RICHMOND, Va. -- Viewers reached out to the CBS 6 Problem Solvers concerned about predatory towing in South Richmond.
Diane Jones left a Monday shopping trip at the Food Lion on Jahnke Road furious after her encounter with a local towing company in the parking lot.
Jones said the owner of H & A Towing found her inside the store warning her she was about to be towed. She was accused of being illegally parked in a handicapped spot.
"I went outside and said, 'Why do you have me hooked up?'" she asked. "I was really angry and really upset."
Jones was told her disabled parking placard was not hanging on her rear view mirror. She insisted she hung up her placard prior to walking into the grocery store.
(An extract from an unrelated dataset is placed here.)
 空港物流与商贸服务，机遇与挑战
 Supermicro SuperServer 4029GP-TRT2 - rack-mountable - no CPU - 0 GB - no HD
"[The tow truck driver] said, 'Look, it usually costs $150, but if you don’t want to pay the $150, I'll give you a break and you pay $50," Jones recalled.
Dustin Trebilco is owner of H & A Towing, which stands for Honest and Affordable Towing, located on Attmore Drive on Richmond's Southside. He said he was hired by Food Lion management after a rash of customers were parking illegally in the fire lane and handicapped spots.
"A lot of customers feel targeted when they are illegally parked," Trebilco explained. "Typically with any handicapped spot, my policy is we don’t just drag them out of the parking space. We make an announcement of the vehicle."
Trebilco stated he hooked up Jones' car because he could not see a disabled parking placard hanging on the mirror.
Trebilco said Jones paid him his $50 drop fee to avoid an outright tow from the parking lot.
CBS 6's Brendan King found that Richmond City Code of Ordinances does allow towing companies to charge a "drop fee," but only a maximum fee of $40.
"This fee may only be charged when the person conducting the towing has already hooked up the vehicle but has not yet removed the vehicle from private property and the vehicle's owner or vehicle owner's agent arrives to claim the vehicle and pay this fee. The person conducting the towing must release the vehicle to the vehicle's owner or the vehicle owner's agent in return for the payment of this fee," according to Sec. 27-302.
Trebilco stated he'd rather find the car owner instead of towing the car outright.
"They should receive a drop fee of $40, so typically in this scenario we will tow them from now on and not offer a drop fee," he said.
Richmond Police told CBS 6 that since the tow occurred on private property it is considered a civil matter.
A request for comment from Food Lion was not returned.